There was no AK division at HAH. He was one of maybe two or three shooters with an AK. And I'd bet they did a lot worse than he did - and he was using a rifle that's mechanical accuracy severely harmed his ability to compete.
As Phagan pointed out: During the close portions he (an experienced action competitor who has constantly and consistently run similar rifles and handguns for years) and Kasarda (a guy who has admitted on camera that he can't shoot as often as he'd like and his shooting ability has suffered as a result, and he frequently runs weird and unusual guns) were neck-and-neck. Once the distances increased, Phagan was able to blow Kasarda out of the water. And this is with Kasarda running an AK set-up to be used in multigun competition.
Kasarda's numbers from HAH2017 were established using a rifle intended to use lightweight, modern materials, to give a lightweight, practical, reliable rifle. Not a competition rifle, not a military rifle, but a defensive rifle made with advanced materials: Carbon fiber handguard, polymer lower, lighter-than-pencil barrel, flash hider. No brake, no tuning for minimal recoil, no LPVO (unlike the AK which had all of these things). Just a red dot. Which was mentioned as being less than ideal for the long-range targets at HAH.
The service life of the AK as a primary service weapon for a superpower ended not long after the 1980s: 26 December 1991. Russia ceased to be a superpower when the Soviet Union collapsed.
Beretta ARX-160
CZ 805/805 BREN
Colt Canada C8
FN Herstal SCAR-L
Steyr AUG A3
XTEK/SiG Sauer MCX or 516?
H&K HK416
LMT
That's two DI ARs. Everything else is a short-stroke piston. Even if the Steyr submission was their fifteen-pound HK416 knock-off. SiG is unlikely to have submitted the M400, because that's not their premier weapon system and it's frankly a pricepoint gun, something to sell to places like Georgia, not to wealthy, Western nations like little New Zealand.

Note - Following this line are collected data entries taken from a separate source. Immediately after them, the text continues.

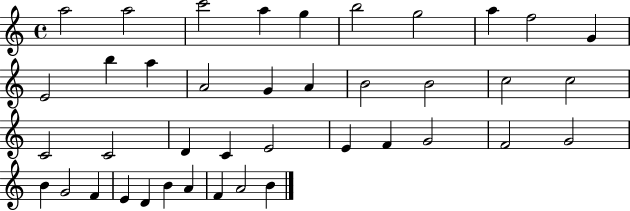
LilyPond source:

{
  \clef treble
  \time 4/4
  \defaultTimeSignature
  \key c \major
  a''2 a''2 | c'''2 a''4 g''4 | b''2 g''2 | a''4 f''2 g'4 | \break e'2 b''4 a''4 | a'2 g'4 a'4 | b'2 b'2 | c''2 c''2 | \break c'2 c'2 | d'4 c'4 e'2 | e'4 f'4 g'2 | f'2 g'2 | \break b'4 g'2 f'4 | e'4 d'4 b'4 a'4 | f'4 a'2 b'4 | \bar "|."
}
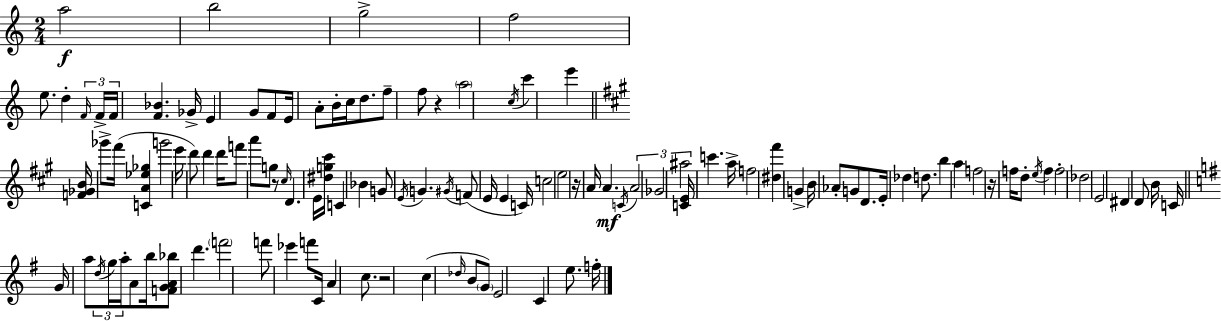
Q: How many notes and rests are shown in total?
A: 115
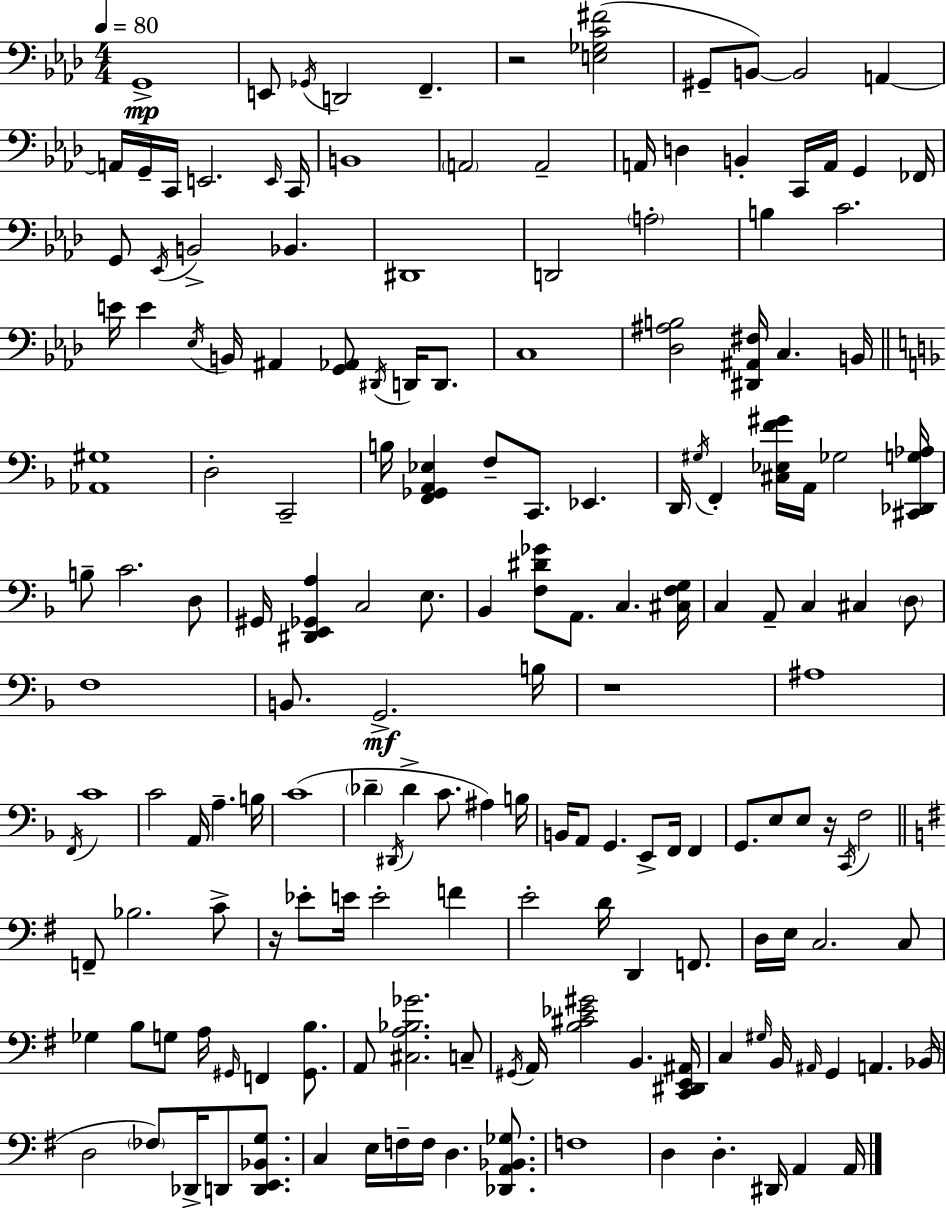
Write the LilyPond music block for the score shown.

{
  \clef bass
  \numericTimeSignature
  \time 4/4
  \key aes \major
  \tempo 4 = 80
  g,1->\mp | e,8 \acciaccatura { ges,16 } d,2 f,4.-- | r2 <e ges c' fis'>2( | gis,8-- b,8~~) b,2 a,4~~ | \break a,16 g,16-- c,16 e,2. | \grace { e,16 } c,16 b,1 | \parenthesize a,2 a,2-- | a,16 d4 b,4-. c,16 a,16 g,4 | \break fes,16 g,8 \acciaccatura { ees,16 } b,2-> bes,4. | dis,1 | d,2 \parenthesize a2-. | b4 c'2. | \break e'16 e'4 \acciaccatura { ees16 } b,16 ais,4 <g, aes,>8 | \acciaccatura { dis,16 } d,16 d,8. c1 | <des ais b>2 <dis, ais, fis>16 c4. | b,16 \bar "||" \break \key f \major <aes, gis>1 | d2-. c,2-- | b16 <f, ges, a, ees>4 f8-- c,8. ees,4. | d,16 \acciaccatura { gis16 } f,4-. <cis ees f' gis'>16 a,16 ges2 | \break <cis, des, g aes>16 b8-- c'2. d8 | gis,16 <dis, e, ges, a>4 c2 e8. | bes,4 <f dis' ges'>8 a,8. c4. | <cis f g>16 c4 a,8-- c4 cis4 \parenthesize d8 | \break f1 | b,8. g,2.->\mf | b16 r1 | ais1 | \break \acciaccatura { f,16 } c'1 | c'2 a,16 a4.-- | b16 c'1( | \parenthesize des'4-- \acciaccatura { dis,16 } des'4-> c'8. ais4) | \break b16 b,16 a,8 g,4. e,8-> f,16 f,4 | g,8. e8 e8 r16 \acciaccatura { c,16 } f2 | \bar "||" \break \key e \minor f,8-- bes2. c'8-> | r16 ees'8-. e'16 e'2-. f'4 | e'2-. d'16 d,4 f,8. | d16 e16 c2. c8 | \break ges4 b8 g8 a16 \grace { gis,16 } f,4 <gis, b>8. | a,8 <cis a bes ges'>2. c8-- | \acciaccatura { gis,16 } a,16 <b cis' ees' gis'>2 b,4. | <c, dis, e, ais,>16 c4 \grace { gis16 } b,16 \grace { ais,16 } g,4 a,4. | \break bes,16( d2 \parenthesize fes8) des,16-> d,8 | <d, e, bes, g>8. c4 e16 f16-- f16 d4. | <des, a, bes, ges>8. f1 | d4 d4.-. dis,16 a,4 | \break a,16 \bar "|."
}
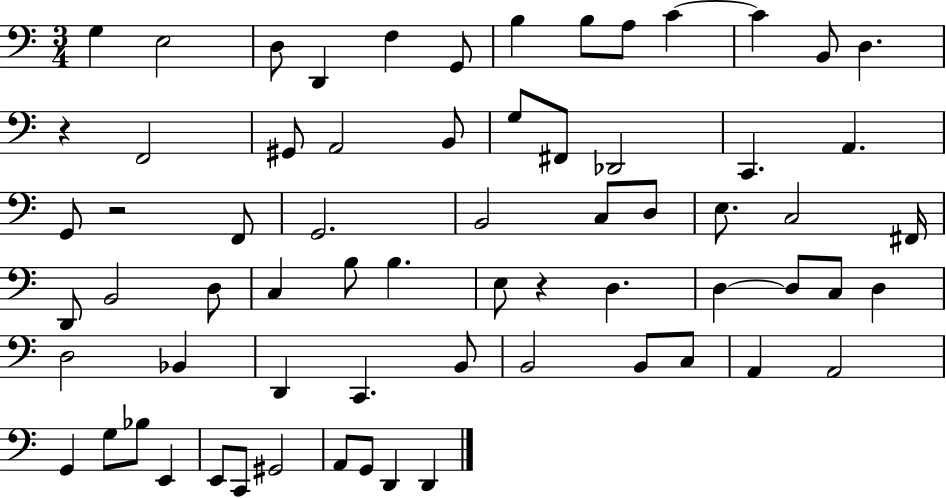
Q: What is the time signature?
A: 3/4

And if the DI AR was such a stinky piece of shit, everybody who put one into the competition would have been eliminated and one of the short-stroke options would have been selected. This didn't happen.
Beretta's last batch of M9s exceeded the US Army's reliability requirements for the M17/M18 by a very, very wide margin, as I recall. And the 92 has a well-deserved reputation for being accurate.
Also: Efforts to unseat the AR-15/M16 started in the 1960s, with the HK33. Hell, Eugene Stoner and ArmaLite both started trying to unseat the weapon almost as soon as the XM16E1 was provisionally adopted for US airmobile and special forces in Vietnam. And none of them have succeeded. Maybe these tests are totally bullshit and don't represent actual real-world conditions and that's why the guys on the sharp-end of the spear keep picking AR-15s over everything else that's available.